[What is being asked] Take the material below and extract the lines from the one with "Chris Pratt The Magnificent Seven Suede Vest" through the one with "Michael Tompsett 'Dundee", word for word, without pictures.

[Given information]
━━━━━━

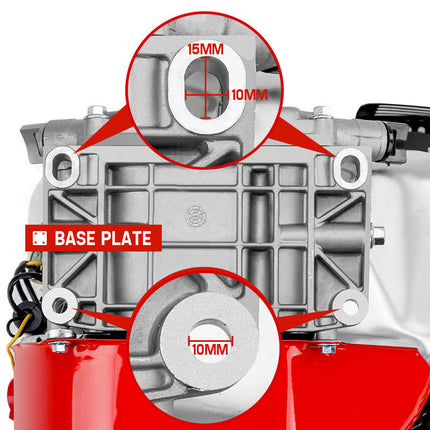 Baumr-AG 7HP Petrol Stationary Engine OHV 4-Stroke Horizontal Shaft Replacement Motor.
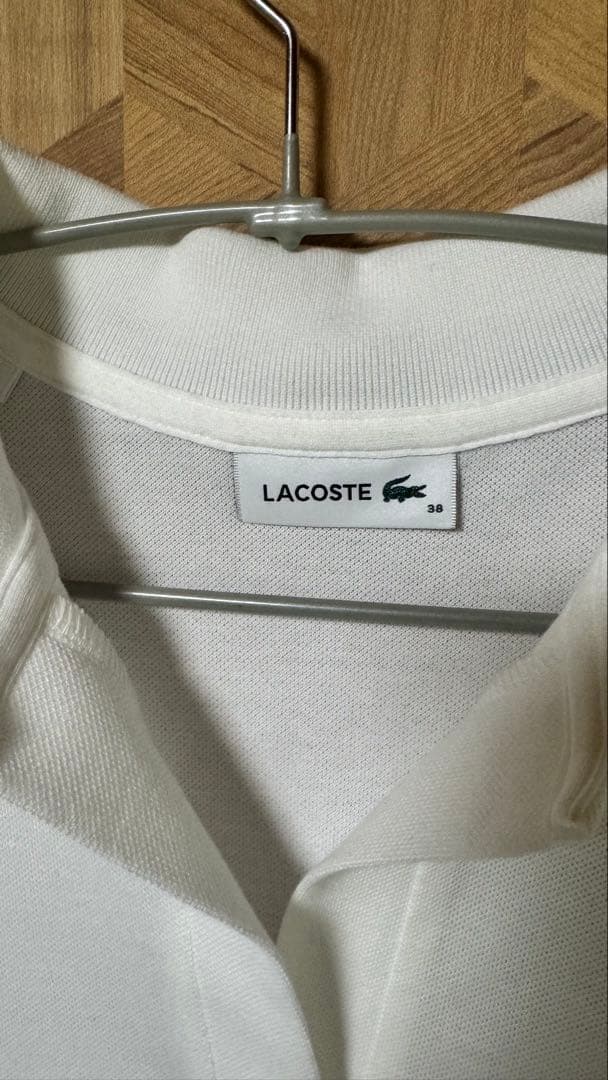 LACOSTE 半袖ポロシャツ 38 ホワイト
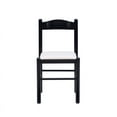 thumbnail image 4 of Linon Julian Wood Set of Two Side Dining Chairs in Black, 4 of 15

━━━━━━

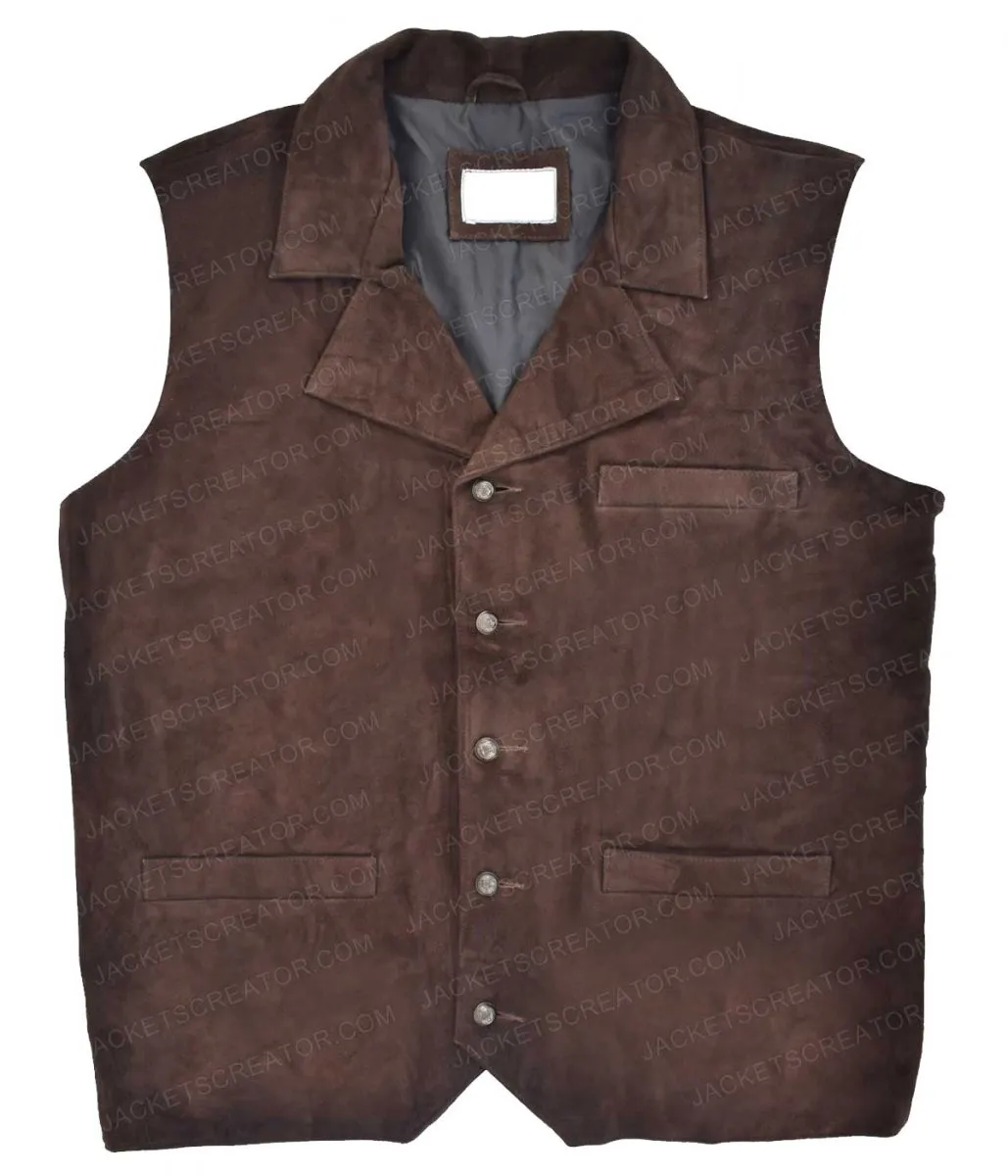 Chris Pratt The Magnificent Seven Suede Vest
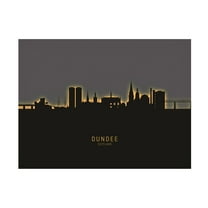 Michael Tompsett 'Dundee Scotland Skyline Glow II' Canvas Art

━━━━━━

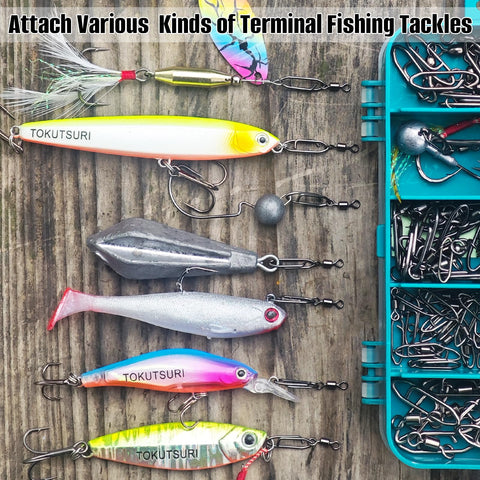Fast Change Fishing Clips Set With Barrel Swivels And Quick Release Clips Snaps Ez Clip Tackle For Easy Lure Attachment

━━━━━━

[Output of the task]
 Chris Pratt The Magnificent Seven Suede Vest
 Michael Tompsett 'Dundee Scotland Skyline Glow II' Canvas Art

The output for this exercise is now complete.